A judge early Tuesday extended deadlines for ballot initiative petitioners who claimed harassment by public officials hampered their efforts to get enough signatures to qualify for the Nov. 2 ballot.
Clark County District Judge Kenneth Cory ordered Clark County Registrar of Voters Larry Lomax to accept signatures from the petitioners until July 20, and ordered several government agencies to not hinder their signature-gathering efforts.
The ruling early Tuesday favored Nevadans for Sound Government, seeking to bar full-time government workers from serving in the state's part-time Legislature; and proponents of an "Ax the Tax" petition to repeal last year's $833 million tax increase.
Cory rejected arguments that state law requires advance notice by groups trying to collect signatures at public locations such as government buildings, saying the word "advance" isn't in the statute.
"If the Legislature had intended to require advance notice, it would have said so," Cory said.
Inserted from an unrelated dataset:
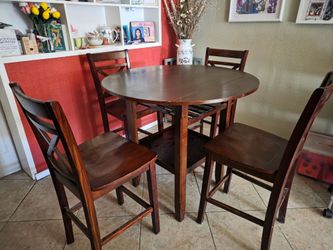 Pub height dining table and four chairs - Sahara and Lamb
Advance notice and signed application requirements imposed on the groups created "an unconstitutional burden on the right to free speech and to circulate petitions for signatures," the judge added.
The deadline for the "Ax the Tax" petition was May 18. The petition on government employees in the Legislature faced a Tuesday deadline.
Lomax told the judge Saturday that if he granted a 60-day extension, ballots might not be ready by Nov. 2.
"We are stretched to the absolute limit," Lomax said.
But under questioning from Joel Hansen, attorney for Nevadans for Sound Government, Lomax told Cory it was possible that a measure could make it onto the ballot if petitions were turned in by July 20.
Janine Hansen, northern Nevada director of Nevadans for Sound Government and sister of Joel Hansen, was arrested on a trespassing charge last month when she refused to leave a Reno bus depot or sign a form she said would waive her constitutional right.
Christopher Hansen, Joel Hansen's brother, described confrontations at UNLV and several Department of Motor Vehicles offices where he said officials refused to let him collect signatures.
Petition leaders said they were about 6,500 signatures short of the required total for the tax referendum, and had more than 30,000 of the 51,134 signatures needed for the measure on government workers serving in the Legislature.